The lines to transcribe begin with the one containing "49 Santa Barbara Drive, Plainview NY 11803" and end with the last line below; reproduce them exactly, without the pictures.

** Dataset excerpts follows **

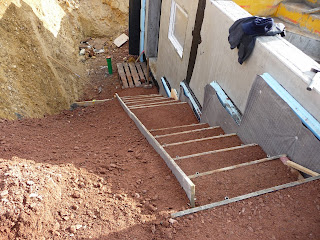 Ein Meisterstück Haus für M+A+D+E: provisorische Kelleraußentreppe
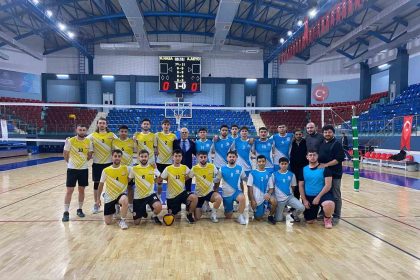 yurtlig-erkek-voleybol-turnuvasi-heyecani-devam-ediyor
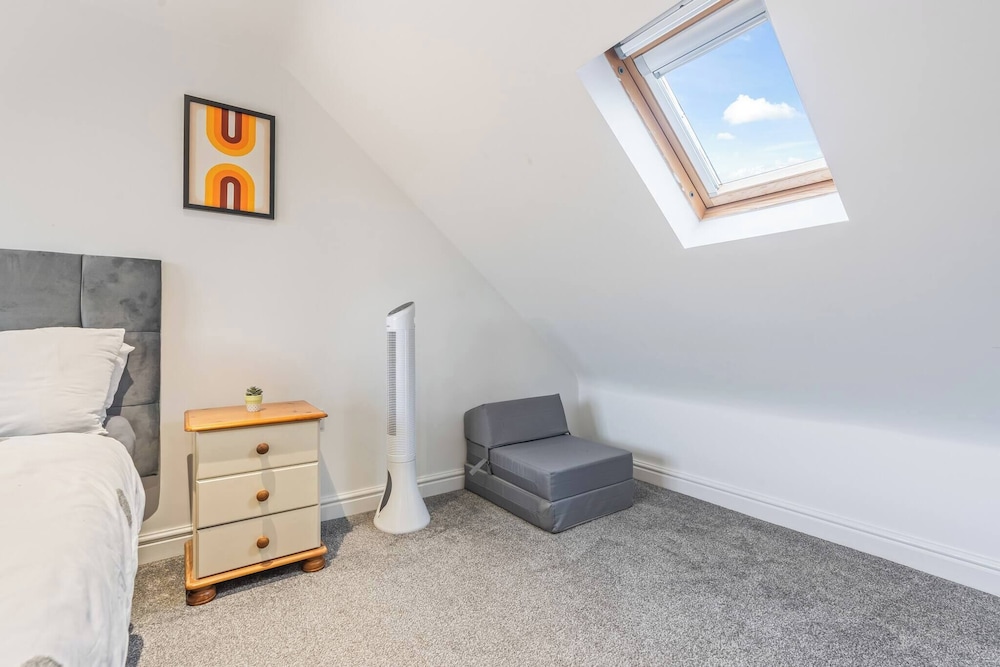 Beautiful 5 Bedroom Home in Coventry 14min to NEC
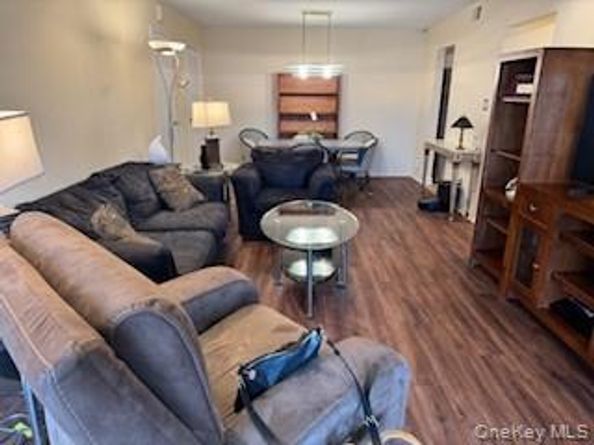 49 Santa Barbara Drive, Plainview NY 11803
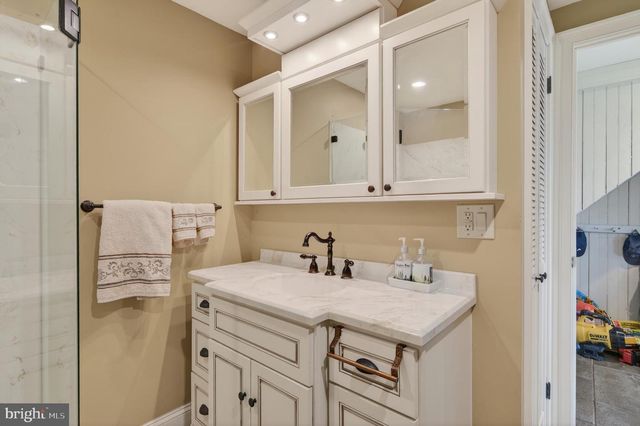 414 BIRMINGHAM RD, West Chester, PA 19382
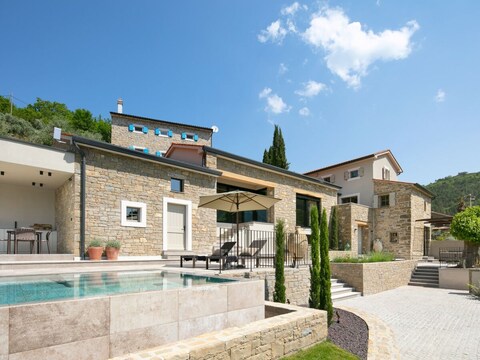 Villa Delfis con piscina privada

** End of Dataset excerpts **

§ **Answer for the task**:
 49 Santa Barbara Drive, Plainview NY 11803
 414 BIRMINGHAM RD, West Chester, PA 19382
 Villa Delfis con piscina privada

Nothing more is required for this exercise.